The murder involves the strange and sudden death of the crew of the Graystone, one of many British warships that have arrived in Boston Harbor for the Crown’s occupation of the city. Agents of the Crown hire Kaille to find the killer, and he must do so quickly, before the colony’s lieutenant governor has every speller in Boston put to death for the crime.

The novel’s mystery is well crafted, with plenty of twists that kept me guessing until the end. Just as intriguing is the series’ magic system, which plays a key role in the tale. When casting, spellers need the aid of a ghost-like familiar (in Kaille’s case, an old medieval warrior he calls Uncle Reg), and every spellers’ magic and ghost has a unique color to its glow. Once Kaille discovers the color of the magic used on the crewmen, he just needs to find the conjurer to whom the color belongs to identify the killer.
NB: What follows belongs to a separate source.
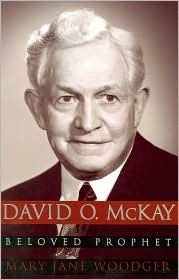 David O. McKay: Beloved Prophet (Hardcover)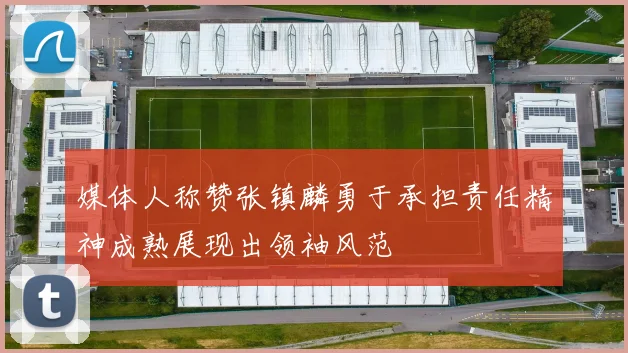 媒体人称赞张镇麟勇于承担责任精神成熟展现出领袖风范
Jackson has been revealing clues about the magic system in each book, but he has left much of it unexplained, keeping the mystery behind the ghosts and their origins alive for a future tale. Yet he’s explained enough here to make it “believable,” and in many ways the magic system is one of the reasons this series work so well.

The rest of the books’ appeal lies with the characters who populate this fictional Boston, from Kaille’s rival, Sephira Pryce, to his friends at a tavern called the Dowsing Rod, and even historical figures like Samuel Adams. (Honestly, between the tavern and Adams, I always feel like having an ale while reading these books!) Also, the series is inching closer to the Boston Tea Party, and Kaille is beginning to question his allegiance to the Crown. All of this creates a unique world to which I am eager to return. And fortunately, the next book in the series, A Plunder of Souls, is waiting on my shelf.